Temperaturschwankungen und die Qualität des Weins

Einst war die Weinkultur beschränkt auf die Gegenden in denen Rebstöcke wuchsen und Wein erzeugt wurde. Aber dann gab es immer mehr andere, weniger privilegierte Menschen, die den Wein ebenso geniessen wollten und die gezwungen waren sich ihn über geographische und politische Grenzen hinweg zu besorgen. Damit begann ein klassischer Delokalisationsprozess, der die Geschichte aller Konsumgüter vom Altertum bis in die Neuzeit immer begleitet hat. Häufig musste der Wein verändert, etwa mit zusätzlichem Alkohol „aufgespritet“ werden, um eine längere Reise unbeschadet zu überstehen und am Ziel noch genießbar zu sein (der Sherry ist dafür ein hervorragendes Beispiel). In den vergangenen drei Jahrzehnten begann schliesslich die „Globalisierung“ des Weins, die seinen ungehemmten Konsum in jedem beliebigen Teil der Welt forderte. Dies stellte nicht nur erhebliche Anforderungen an die Transportlogistik, sondern auch an die transportbedingte Haltbarkeit des weltweiten Objekts der Begierde. Dieser letzte Punkt ist bis heute allerdings immer noch nicht vollständig untersucht worden.

Jetzt haben John J. Bartholdi, III und Alejandro Mac Cawley vom „Supply Chain and Logistics Institute“ am amerikanischen Georgia Institute of Technology eine Studie vorgelegt, die auf der web site von Robert Parker (eRobertParker.com) zitiert wurde und die einige interessante, weil unerwartete, Fakten zum Thema Haltbarkeit des Weins aufdeckte (siehe auch den Beitrag „regionaler Wein will nicht reisen“). In der Untersuchung konzentriert sich alles um das Thema der Temperaturschwankungen während des Transports. Um die extremst möglichen Bedingungen zu untersuchen, unter denen Qualitätschwankungen ggf. erfassbar werden, hat man sich auf Weine der südlichen Hämisphere konzentriert, die nach den USA, also auf die nördliche Halbkugel, exportiert werden. Sorgfältige Temperaturmessungen während der verschiedenen Phasen des Ladens, des Transports über den Äquator und des Entladens im Zielhafen haben tatsächlich erhebliche Schwankungen ergeben: diese konnten zwischen -5 °C und +60°C liegen. 47 % aller transportierten Weine wurden Temperaturen von über 30 °C ausgesetzt und insgesamt 51 % aller Flaschen haben Temperaturen unterhalb und/oder oberhalb von 10-20 °C, des als optimal definierten Bereichs, erfahren.
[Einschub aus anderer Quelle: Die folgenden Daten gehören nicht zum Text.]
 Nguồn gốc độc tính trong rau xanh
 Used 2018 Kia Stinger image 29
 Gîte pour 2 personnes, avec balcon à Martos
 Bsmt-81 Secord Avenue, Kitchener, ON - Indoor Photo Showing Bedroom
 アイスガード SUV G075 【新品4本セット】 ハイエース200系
Da die über den gesamten Transportzeitraum gemessenen Temperaturen und deren zeitlicher Ablauf aufgezeichnet wurden, konnten diese Werte später jederzeit exakt reproduziert und nachgestellt werden. Damit ergab sich die Möglichkeit „transportierte“ Weine in Bezug auf die Umgebungstemperaturen zu erzeugen und mit solchen unter optimal gehaltenen Temperaturbedingungen zu vergleichen.

Ein Panel von ausgewählten Experten probierte die jeweiligen Weine in einer Art „Doppelbildstudie“, und so sahen die Ergebnisse aus: Lediglich bei den preisgünstigen Weißweinen waren die Beurteilungen eindeutig. Die Juroren bevorzugten mit konstanter Regelmässigkeit die „transportierten“ Weine. Bei den Rotweinen gab es kein besonderes Muster, die die Studie beratenden Statistiker sagten nach der Analyse, daß die Ergebnisse eine zufällige Verteilung hatten, wie sie auch durch bloßes Erraten möglicher Qualitätsunterschiede entstanden wäre.
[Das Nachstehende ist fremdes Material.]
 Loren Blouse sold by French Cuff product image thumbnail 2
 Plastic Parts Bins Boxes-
Was sagen diese Resultate aus? Erstens ist es so, dass eine gewisse forcierte Reife durch kurzzeitige Temperaturerhöhung den meisten einfachen Weißweinen offensichtlich gut tut, während gleiche Temperaturschwankungen keinen signifikanten Einfluss auf alle übrigen Weine hatten. Ob es allerdings später zu einer Veränderung der Flaschenreifezeit dieser Weine kommt lässt sich aus den vorliegenden Daten nicht ablesen. Dennoch bleibt eine positive Aussage, denn es scheint als wäre das von allen Sommeliers dieser Welt vertretene Dogma der Temperaturkonstanz bei der Weinlagerung nicht absolut gültig. Das sind, weiss Gott, gute Nachrichten für den Konsumenten, denn selbst wenn eine Flasche mal versehentlich neben der Heizung stehend vergessen wurde bedeutet das nicht unbedingt, daß sie nicht mehr geniessbar ist.